A Midwood special-education school bilked taxpayers out of hundreds of thousands of dollars and used the money for inflated staff salaries and a lavish car for its executive, and now comptroller Thomas DiNapoli says the school should return the money. The state gave the Hebrew Institute for Deaf and Exceptional Children $11 million to reimburse operating costs for three years, but a recent audit found that the group spent more than $774,000 on unapproved salaries, staff meals, and even a luxury car.
The school took taxpayers for a ride, but the real victims are students, the comptroller said.
“The children in our special education programs need every dollar available to them and they are the ones who lose out when the schools fail to follow the rules for receiving taxpayer reimbursements,” DiNapoli said in a statement.
No one benefitted more than the school’s executive director Noah Brickman, the audit found.
The school charged the state more than $30,000 for the lease of two late-model Acuras used by Brickman, even though the car appeared to be his personal vehicle.
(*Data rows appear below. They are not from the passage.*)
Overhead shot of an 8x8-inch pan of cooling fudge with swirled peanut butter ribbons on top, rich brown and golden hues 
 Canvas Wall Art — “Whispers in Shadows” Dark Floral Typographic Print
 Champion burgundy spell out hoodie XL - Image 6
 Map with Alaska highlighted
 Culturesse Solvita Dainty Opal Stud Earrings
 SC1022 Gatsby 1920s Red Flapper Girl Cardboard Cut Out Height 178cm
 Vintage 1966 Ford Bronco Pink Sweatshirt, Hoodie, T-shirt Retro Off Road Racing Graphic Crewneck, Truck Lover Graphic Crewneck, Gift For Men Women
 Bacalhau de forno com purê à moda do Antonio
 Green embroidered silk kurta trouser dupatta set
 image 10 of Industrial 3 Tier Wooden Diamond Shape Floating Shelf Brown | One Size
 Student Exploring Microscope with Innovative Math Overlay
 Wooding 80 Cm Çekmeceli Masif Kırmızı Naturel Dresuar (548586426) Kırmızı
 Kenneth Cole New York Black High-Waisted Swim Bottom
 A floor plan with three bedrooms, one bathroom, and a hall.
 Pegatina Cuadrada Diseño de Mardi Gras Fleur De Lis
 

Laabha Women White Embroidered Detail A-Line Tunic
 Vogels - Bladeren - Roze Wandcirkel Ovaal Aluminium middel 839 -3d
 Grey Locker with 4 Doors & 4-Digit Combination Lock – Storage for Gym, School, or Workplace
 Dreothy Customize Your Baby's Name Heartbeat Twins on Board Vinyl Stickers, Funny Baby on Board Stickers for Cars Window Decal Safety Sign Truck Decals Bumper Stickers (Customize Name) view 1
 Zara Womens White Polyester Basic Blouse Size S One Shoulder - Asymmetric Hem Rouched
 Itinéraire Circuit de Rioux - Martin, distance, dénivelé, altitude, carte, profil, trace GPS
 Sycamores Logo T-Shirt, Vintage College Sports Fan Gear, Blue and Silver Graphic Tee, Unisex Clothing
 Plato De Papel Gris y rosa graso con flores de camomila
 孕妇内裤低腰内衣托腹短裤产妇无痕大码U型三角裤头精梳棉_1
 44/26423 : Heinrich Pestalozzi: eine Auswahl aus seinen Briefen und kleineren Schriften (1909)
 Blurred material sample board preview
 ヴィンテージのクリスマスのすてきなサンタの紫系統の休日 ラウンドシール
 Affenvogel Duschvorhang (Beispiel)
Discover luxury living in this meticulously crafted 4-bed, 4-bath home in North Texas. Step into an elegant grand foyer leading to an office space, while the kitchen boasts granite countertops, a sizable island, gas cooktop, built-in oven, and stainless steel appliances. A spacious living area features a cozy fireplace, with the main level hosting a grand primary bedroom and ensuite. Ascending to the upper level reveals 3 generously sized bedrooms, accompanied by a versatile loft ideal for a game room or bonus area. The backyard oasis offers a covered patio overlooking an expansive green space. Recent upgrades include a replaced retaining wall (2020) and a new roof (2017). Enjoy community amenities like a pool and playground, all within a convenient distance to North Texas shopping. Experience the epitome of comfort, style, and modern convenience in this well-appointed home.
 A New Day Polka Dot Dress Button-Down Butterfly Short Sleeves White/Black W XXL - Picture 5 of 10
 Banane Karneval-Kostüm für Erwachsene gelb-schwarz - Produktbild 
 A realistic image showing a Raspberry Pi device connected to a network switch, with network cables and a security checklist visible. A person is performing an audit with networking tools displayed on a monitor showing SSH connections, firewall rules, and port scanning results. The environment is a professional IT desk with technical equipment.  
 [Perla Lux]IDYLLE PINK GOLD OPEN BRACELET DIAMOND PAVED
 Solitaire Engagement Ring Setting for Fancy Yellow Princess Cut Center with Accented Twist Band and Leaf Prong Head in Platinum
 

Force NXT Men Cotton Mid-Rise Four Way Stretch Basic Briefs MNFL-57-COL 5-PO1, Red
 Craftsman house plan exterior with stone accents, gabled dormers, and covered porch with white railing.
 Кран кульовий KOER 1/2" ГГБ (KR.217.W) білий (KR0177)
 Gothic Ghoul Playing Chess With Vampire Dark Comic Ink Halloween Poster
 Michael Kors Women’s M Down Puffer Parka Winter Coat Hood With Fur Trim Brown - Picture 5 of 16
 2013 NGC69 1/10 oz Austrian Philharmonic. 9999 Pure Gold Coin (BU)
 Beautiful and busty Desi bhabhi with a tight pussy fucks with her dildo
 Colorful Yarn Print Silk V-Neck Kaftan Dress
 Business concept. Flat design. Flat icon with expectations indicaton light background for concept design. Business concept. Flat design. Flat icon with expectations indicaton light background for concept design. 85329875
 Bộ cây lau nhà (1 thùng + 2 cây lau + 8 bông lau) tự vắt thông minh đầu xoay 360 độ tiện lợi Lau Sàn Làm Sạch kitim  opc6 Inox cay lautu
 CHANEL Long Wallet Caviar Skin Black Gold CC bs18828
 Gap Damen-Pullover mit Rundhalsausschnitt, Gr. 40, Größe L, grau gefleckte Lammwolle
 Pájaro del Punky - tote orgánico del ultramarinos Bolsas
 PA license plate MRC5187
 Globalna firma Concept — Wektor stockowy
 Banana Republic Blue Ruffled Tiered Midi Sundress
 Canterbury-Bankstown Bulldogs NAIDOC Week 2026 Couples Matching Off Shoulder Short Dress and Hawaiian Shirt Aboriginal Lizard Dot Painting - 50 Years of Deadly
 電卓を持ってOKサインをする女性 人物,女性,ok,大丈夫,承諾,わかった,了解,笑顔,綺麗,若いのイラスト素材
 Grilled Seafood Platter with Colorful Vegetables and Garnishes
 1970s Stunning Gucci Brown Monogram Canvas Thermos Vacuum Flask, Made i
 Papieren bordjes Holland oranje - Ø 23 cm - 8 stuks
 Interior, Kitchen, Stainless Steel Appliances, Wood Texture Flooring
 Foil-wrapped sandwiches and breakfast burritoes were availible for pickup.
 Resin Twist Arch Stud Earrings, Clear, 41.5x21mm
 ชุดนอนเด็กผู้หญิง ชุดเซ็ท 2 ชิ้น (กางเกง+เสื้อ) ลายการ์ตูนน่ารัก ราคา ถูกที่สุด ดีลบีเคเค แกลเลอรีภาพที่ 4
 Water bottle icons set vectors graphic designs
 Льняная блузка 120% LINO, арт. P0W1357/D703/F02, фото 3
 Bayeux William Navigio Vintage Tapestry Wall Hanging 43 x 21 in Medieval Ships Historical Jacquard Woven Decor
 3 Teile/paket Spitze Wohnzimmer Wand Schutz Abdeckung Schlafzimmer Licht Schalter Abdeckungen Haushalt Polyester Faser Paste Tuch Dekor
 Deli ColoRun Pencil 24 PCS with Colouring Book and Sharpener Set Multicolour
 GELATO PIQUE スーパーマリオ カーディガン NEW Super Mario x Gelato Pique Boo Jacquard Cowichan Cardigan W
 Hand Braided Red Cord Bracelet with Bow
And the group got taxpayers to give it $132,000 over three years toward Brickman’s salary, even though his $300,000-plus salary far exceeded limits set by the state, the report found.
The Hebrew Institute used nearly $200,000 in taxpayer money on lump-sum staff bonuses without providing adequate justification and it sent $132,000 to staffers working for programs that were not eligible for state reimbursement, the audit concluded.
School officials also could not provide necessary transaction invoices or details for $39,436 worth of expenses, including checks to Brickman, office supplies, and staff development and travel costs, auditors found.
Brickman did not respond to multiple calls for comment. The Hebrew Institute sent the state a letter explaining the spending, but auditors said the reasons were not good enough and that the school still needs to repay the $774,000.